-- Exercise directions --
Any picture in the range stays out of the copy; retype exactly the lines from the one with "Xylia Skylark | Independent VTuber Default" to the end of the listing.

-- Task data --
>>>>>

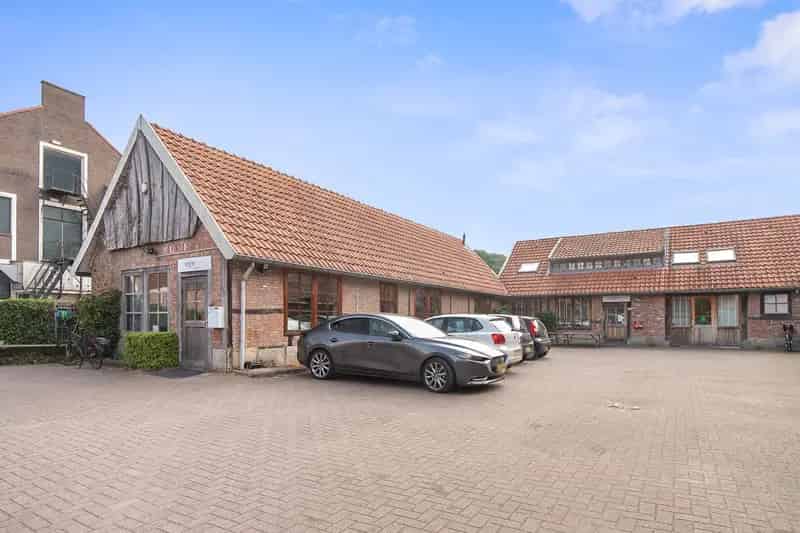 Kantoorruimte te huur Enschede - 't Sander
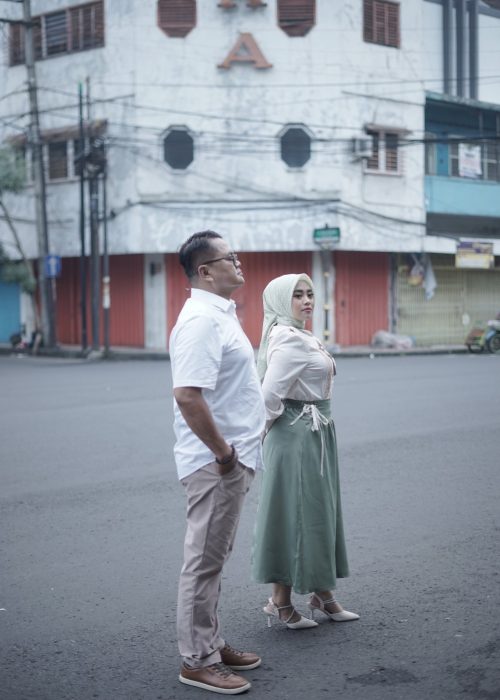 Ilmi & Dwi 2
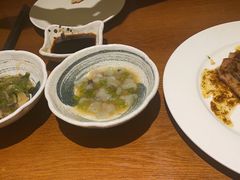 -贵木日本料理·铁板烧(新地假日广场店)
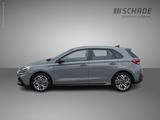 Hyundai i30 N Line 1.6 T-GDI+AUTOMATIK+KEYLESS+LED+NAVI  - Hyundai i30 Neuwagen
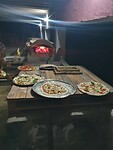 Pizza avond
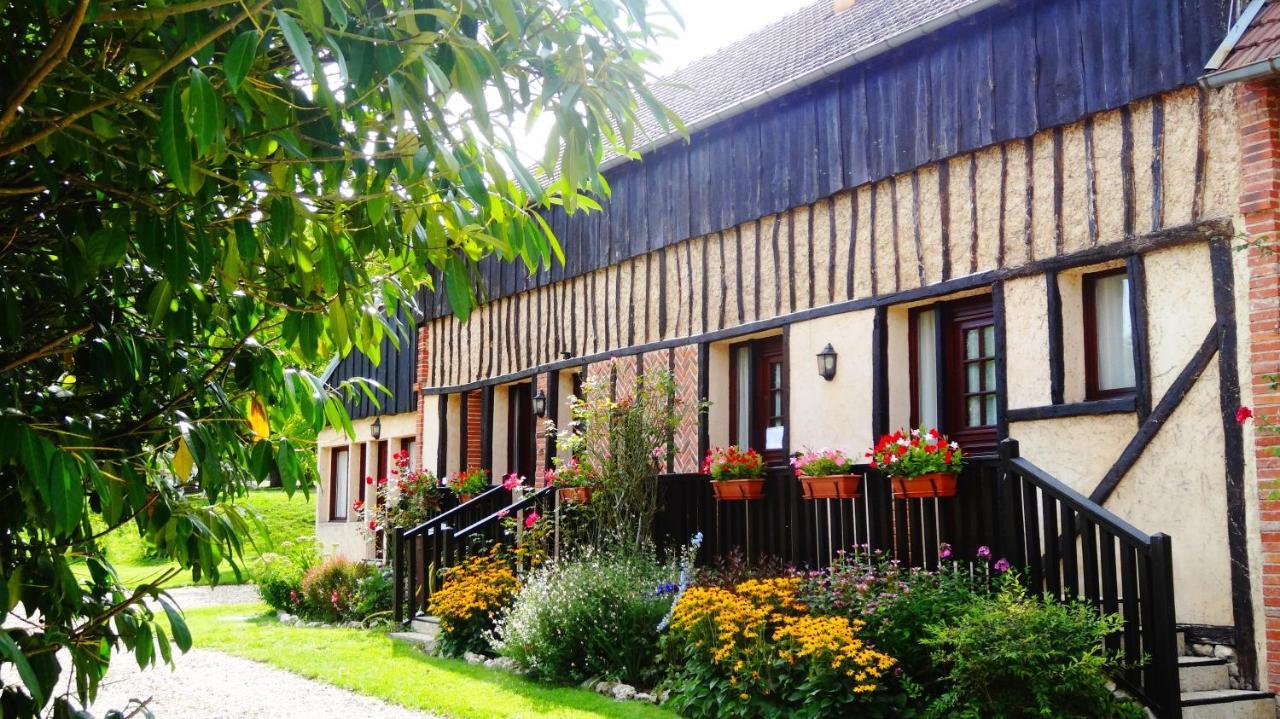 Domaine Des Medards Lägenhet Beaulieu-sur-Loire Exteriör bild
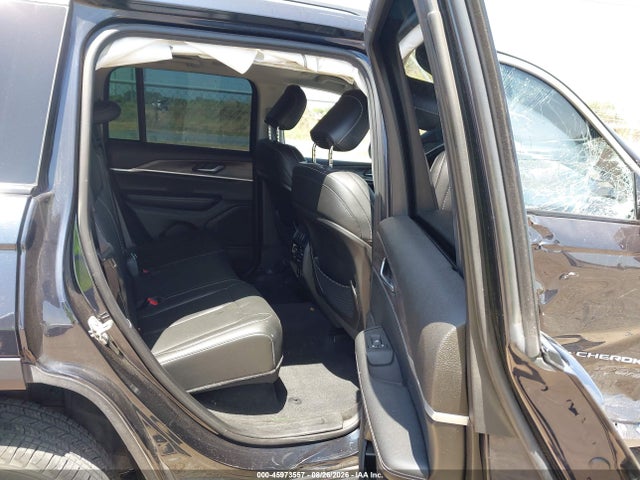 2023 JEEP GRAND CHEROKEE LIMITED 4X2 8
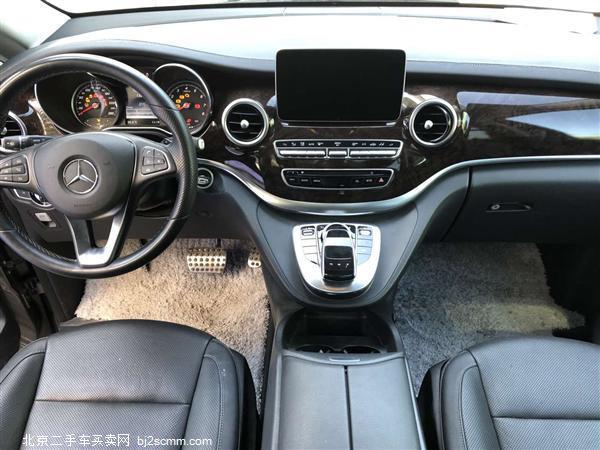 2016 V V 260 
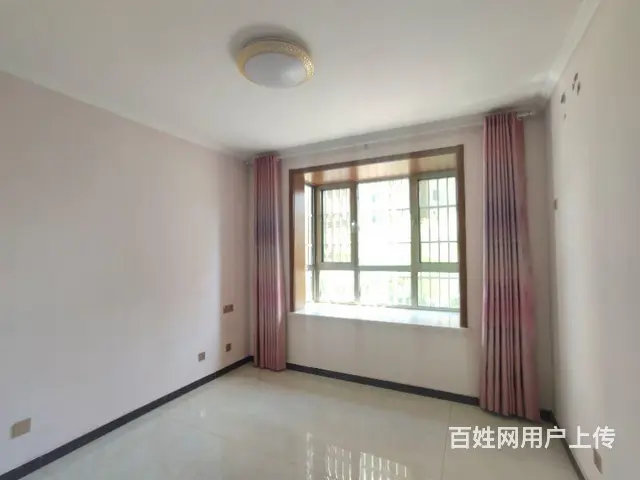 东湖豪庭 电梯房三居室124平 可做超低首付 - 图片 6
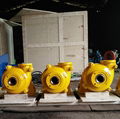 Head head high chrome slurry pump 1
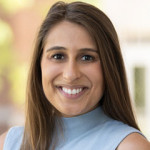 Elizabeth Grady ‘14 headshot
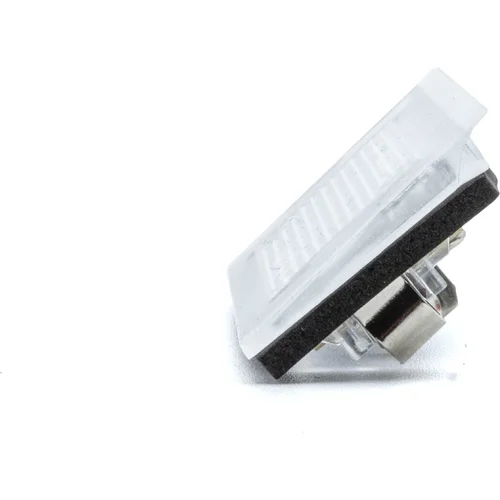 LED osvetlenie tabuľky s EČV (ŠPZ) EP181 (EinParts Automotive) - obr. 4
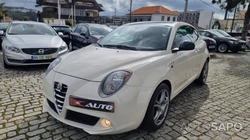 Alfa Romeo MiTO 0.9 TwinAir Progression S&S de 2014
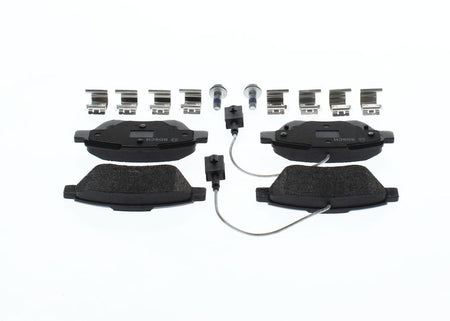 Bosch 0986494881 Brake Pad Set, disc brake - 3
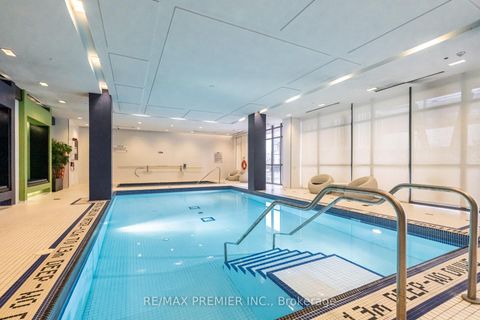 Photo 26 at 310 - 1185 The Queensway Avenue, City Centre West, Toronto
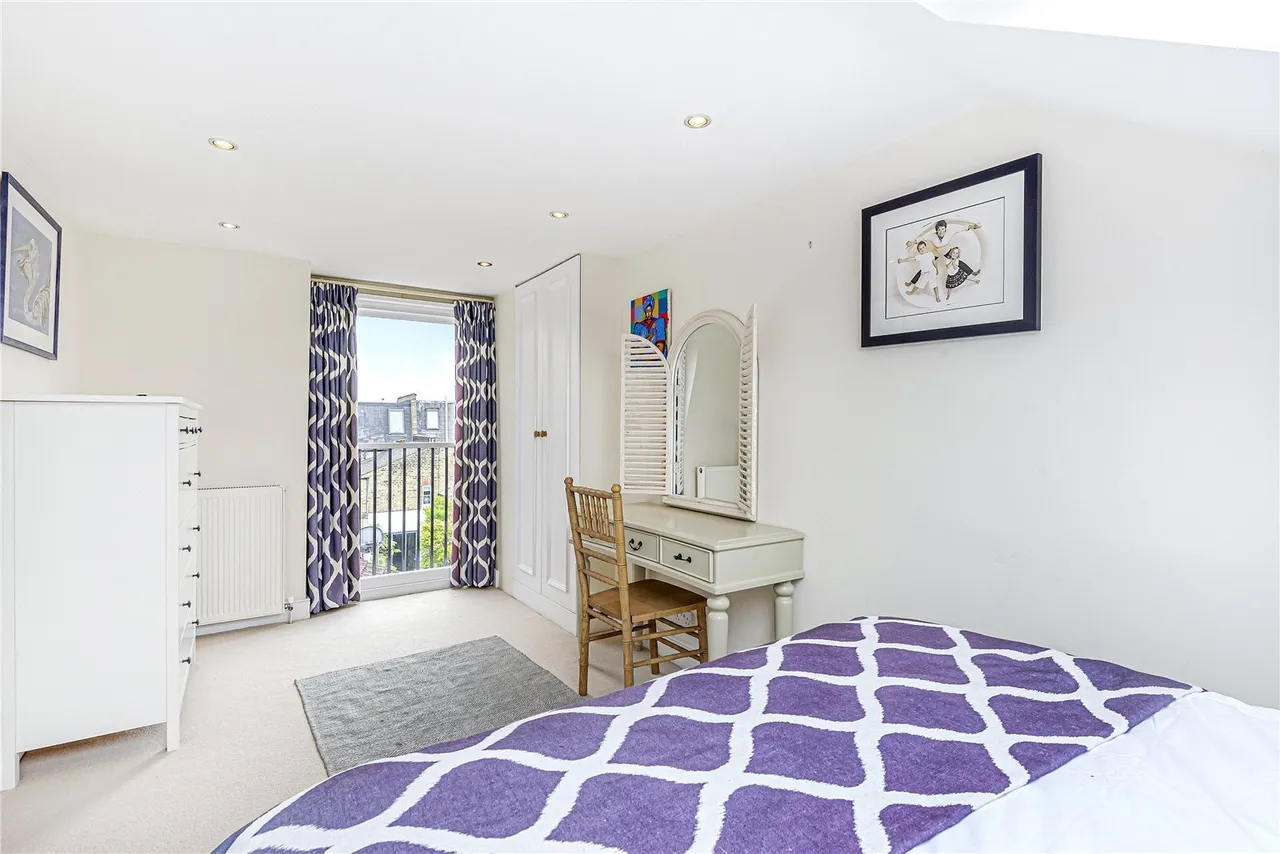 Ashcombe Street, Fulham, SW6, photo 5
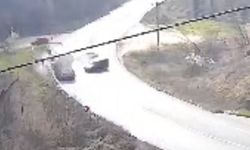 Sakarya’da kaza: 3 yaralı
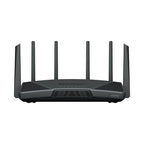 Synology RT6600ax Tri-Band WiFi Router & MR2200ac Mesh
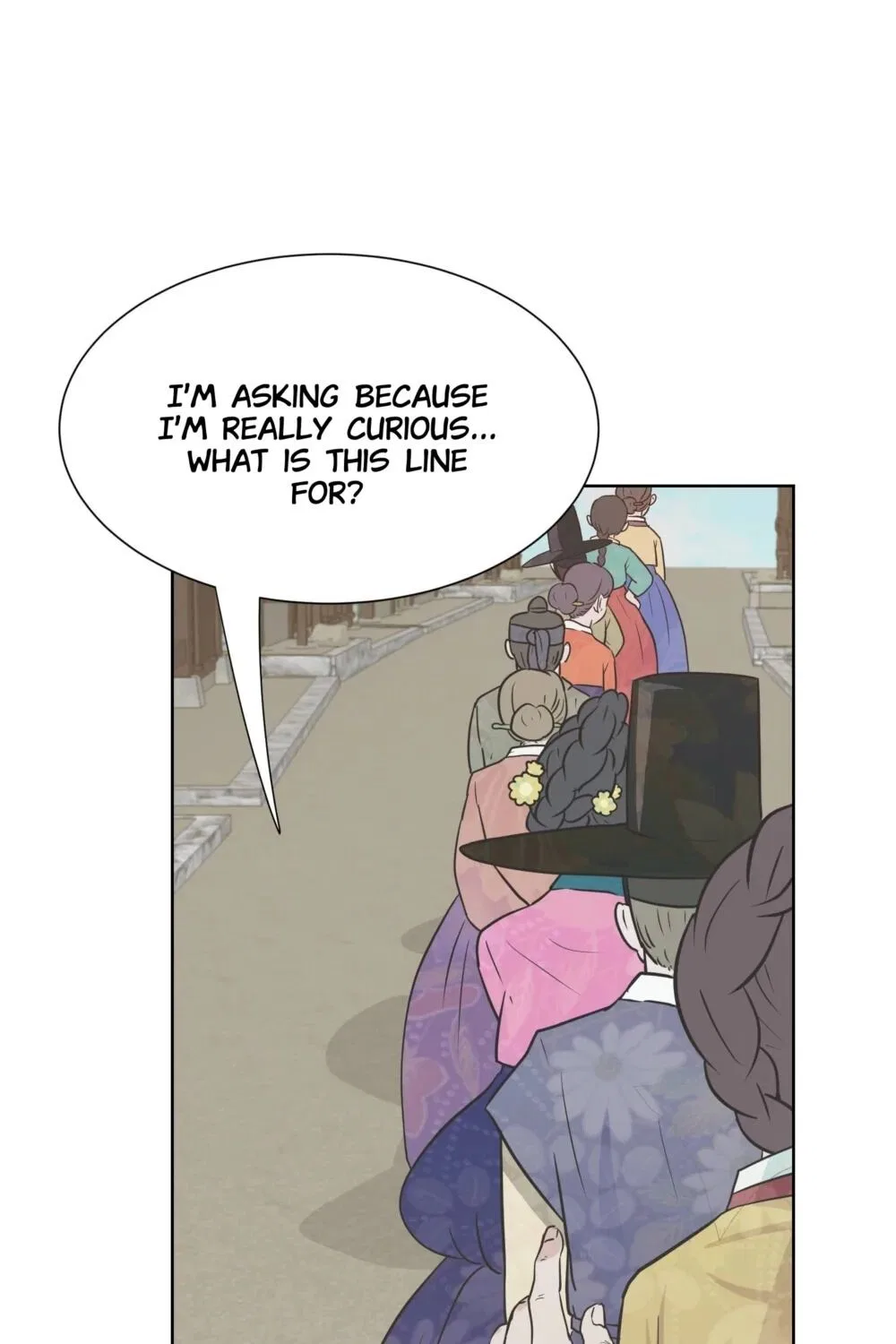 The Scent of Love Chapter 1 – Page 44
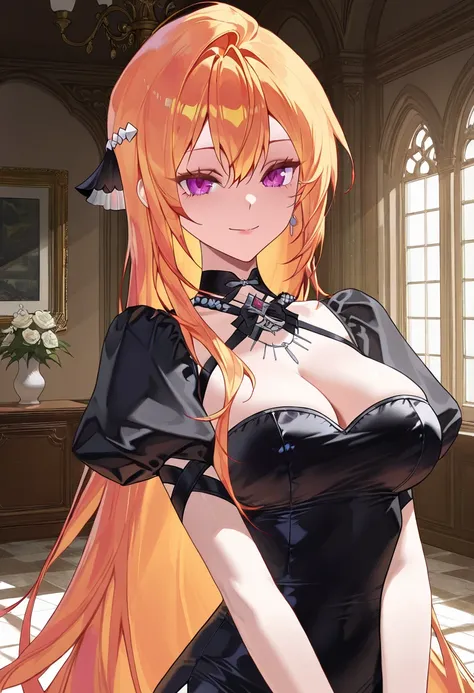 Xylia Skylark | Independent VTuber Default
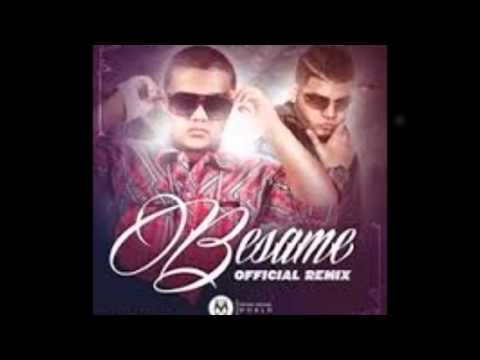 XAVI THE DESTROYER FT. FARRUKO - BESAME BY: DJ PORTELL
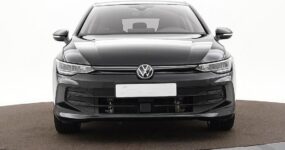 Volkswagen Golf voorraadlease snel rijden plug-in hybride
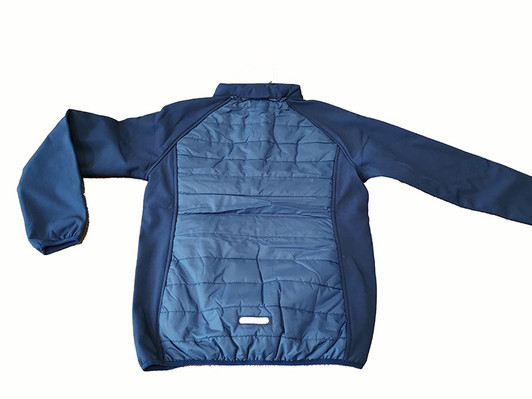 Hunter Our ladys Hybrid Jacket Navy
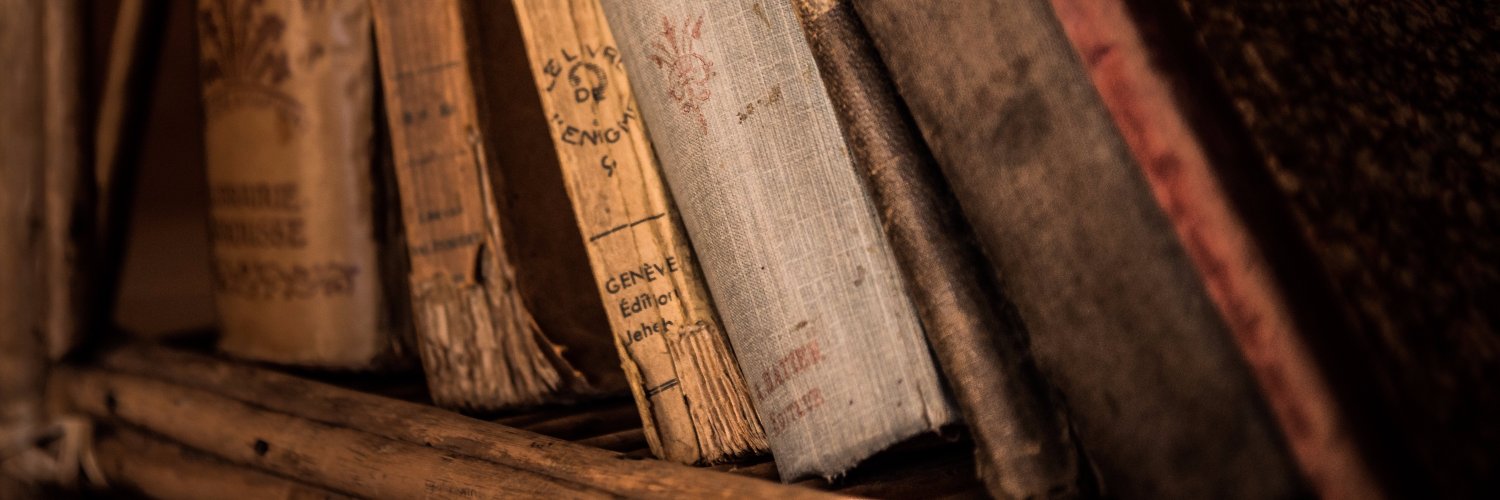 libreriaerrante's profile banner image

<<<<<

-- The completed task --
 Xylia Skylark | Independent VTuber Default
 XAVI THE DESTROYER FT. FARRUKO - BESAME BY: DJ PORTELL
 Volkswagen Golf voorraadlease snel rijden plug-in hybride
 Hunter Our ladys Hybrid Jacket Navy
 libreriaerrante's profile banner image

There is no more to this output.